While most Indian fintech startups are still loss-making, their expansion outside India has been powered by strong investor appetite. Fintech startups accounted for nearly 30% of the valuation of Indian unicorns, Credit Suisse said in a report in February.
The new entrants will likely add to the already intense competition for Southeast Asian shoppers. Grab, Gojek and Sea have been investing aggressively in financial services to lock in their large customer bases.
Zeta’s Turakhia said it will benefit from such demand because it can offer the technology required for financial services for banks as well as tech companies. “If you, as an e-commerce company, want to launch a credit card, a debit card, a wallet or buy now, pay later loan …100% of the technology can be provided by us,” he said.
Expanding outside India is a risky bet, given the intense competition within the country. Paytm, an early leader in mobile payments, has come under pressure from Google Pay and PhonePe, which is backed by local e-commerce company Flipkart.

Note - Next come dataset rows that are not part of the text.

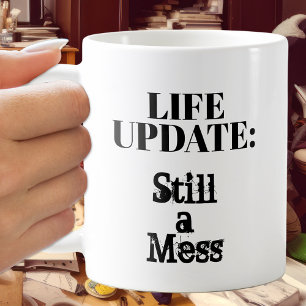 Mug Mise à jour de la vie : Toujours un désordre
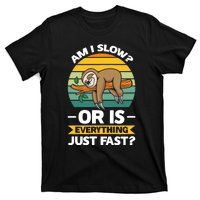 Lazy Sloth Hungry And Lazy Slowmotion Monday Introved Shy T-Shirt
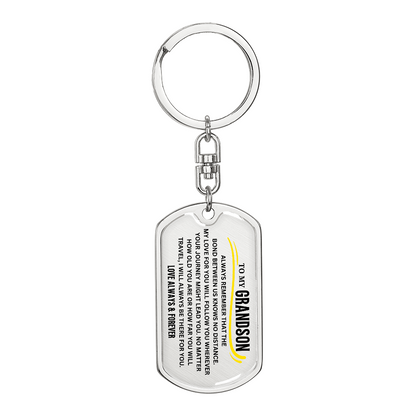 To My Grandson Keychain, Bond Between Us Knows No Distance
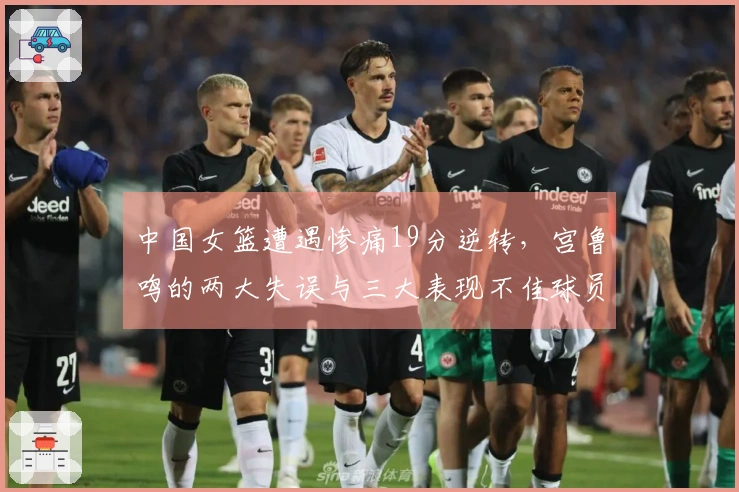 中国女篮遭遇惨痛19分逆转，宫鲁鸣的两大失误与三大表现不佳球员分析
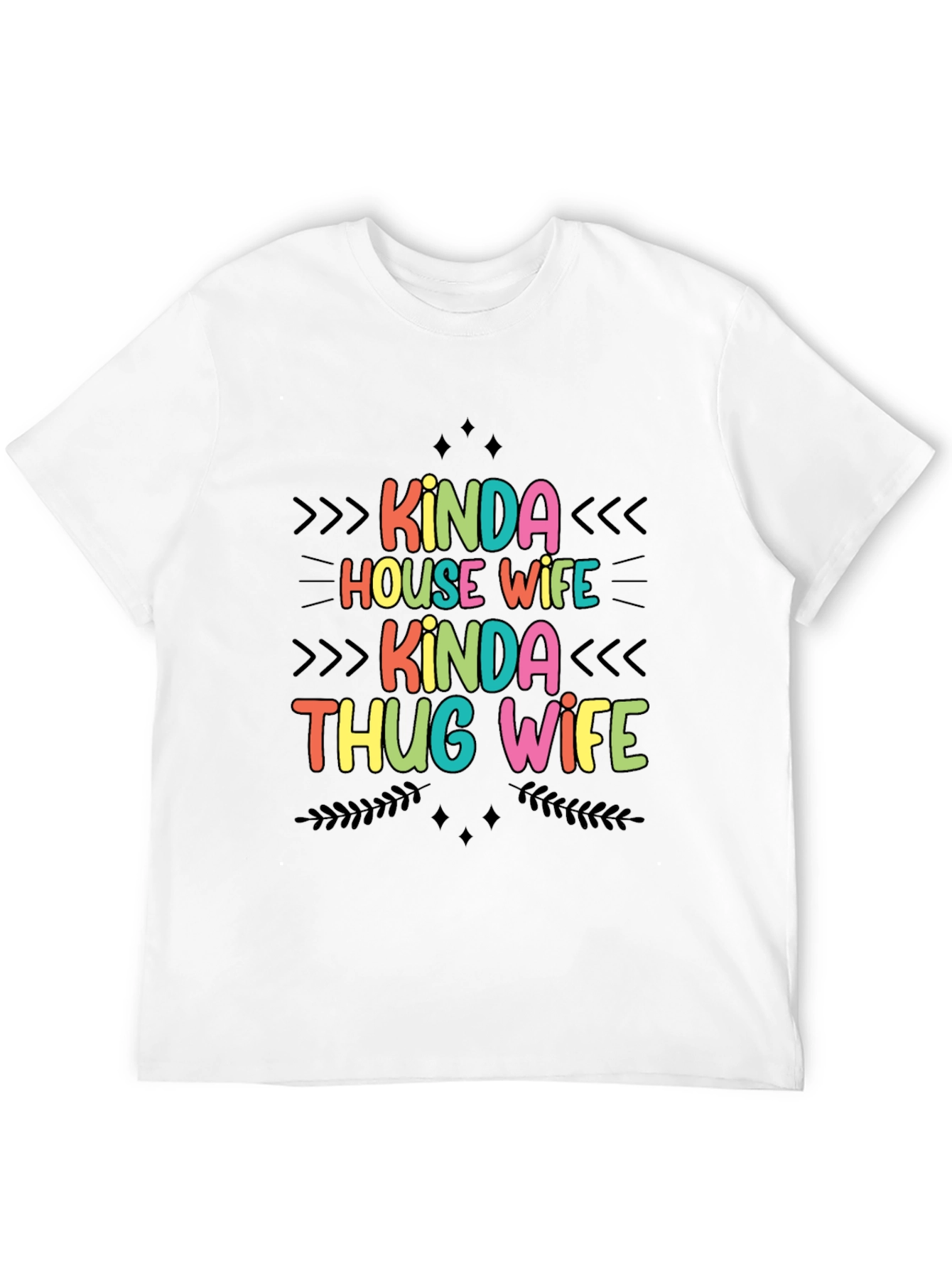 Kinda House Wife Kinda Thug Wife T-Shirt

Paytm is reportedly planning to go public as early as later this year as it diversifies into credit and other financial services.
“The question now is how much can you replicate your success into other markets, but it’s not easy. … There are enough players in Asia,” said Rahul Malhotra, an analyst at Bernstein. “There is still a lot to be done in India, so the core focus will likely remain in India, with some expansion in some of the other markets.”